Mexico’s leader has blasted Washington for believing it’s the “government of the world” after report alleging human rights abuses
Mexican President Andres Manuel Lopez Obrador has bristled over his government being accused by the US State Department of human rights abuses, dismissing his country’s neighbors to the north as “liars.”
Speaking at a press briefing on Tuesday in Oaxaca, Mexico, Lopez Obrador responded angrily to Monday’s State Department report on human rights. President Joe Biden’s administration claimed there were credible reports of unlawful killings by Mexican authorities, as well as forced disappearances, torture and otherwise inhumane treatment of civilians. The US also chided Mexico for corruption, rampant crime and low rates of offenses being prosecuted.
Asked by a reporter about the accusations, Lopez Obrador said, “It’s not true. They’re liars.” He added, “It’s not worth getting angry about.”

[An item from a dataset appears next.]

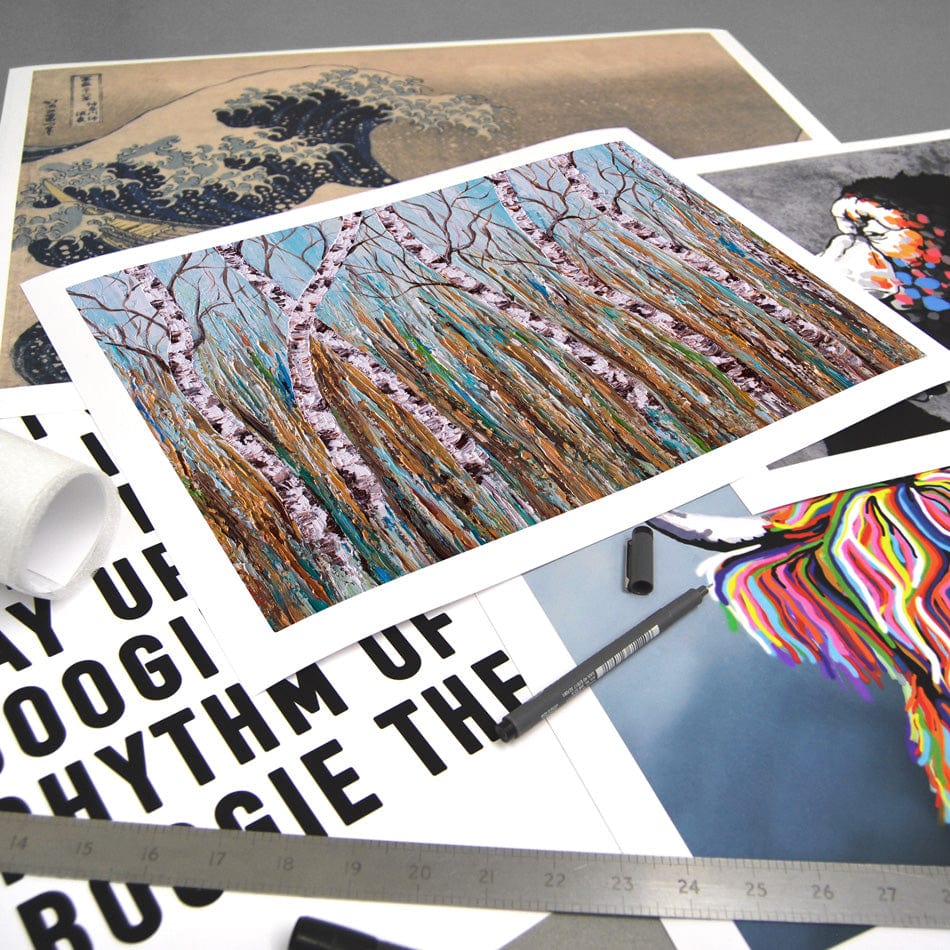 Birches Art Print wall art product Olga Tkachyk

Lopez Obrador made his comments before a scheduled meeting later on Tuesday with former US Secretary of State John Kerry, now Biden’s climate envoy. Relations with Washington have soured in recent weeks amid a spate of kidnappings of US citizens in northern Mexico, including a case in which two people were killed by a group associated with a drug cartel.
The Mexican president has suggested that an “anti-Mexico” conservative element in the US government has inflamed tensions between the countries and used the fatal kidnapping incident to make attacks on his country’s safety record. “Mexico is safer than the United States,” he told reporters last week in response to the controversy.
State Department spokesman Vedant Patel responded to Lopez Obrador’s criticism on Tuesday by defending the US allegations against Mexico’s government. “The reported involvement of members of Mexican police, military and other government institutions in serious acts of corruption and unlawful arbitrary killings remain a serious challenge for Mexico, and that’s why they were highlighted in our report.”
The State Department is mandated by Congress to produce its report on Mexican human rights annually, Patel said, adding that the US has domestic challenges of its own. “We have never been ones to indicate that we are the government of the world or some kind of edict like that.”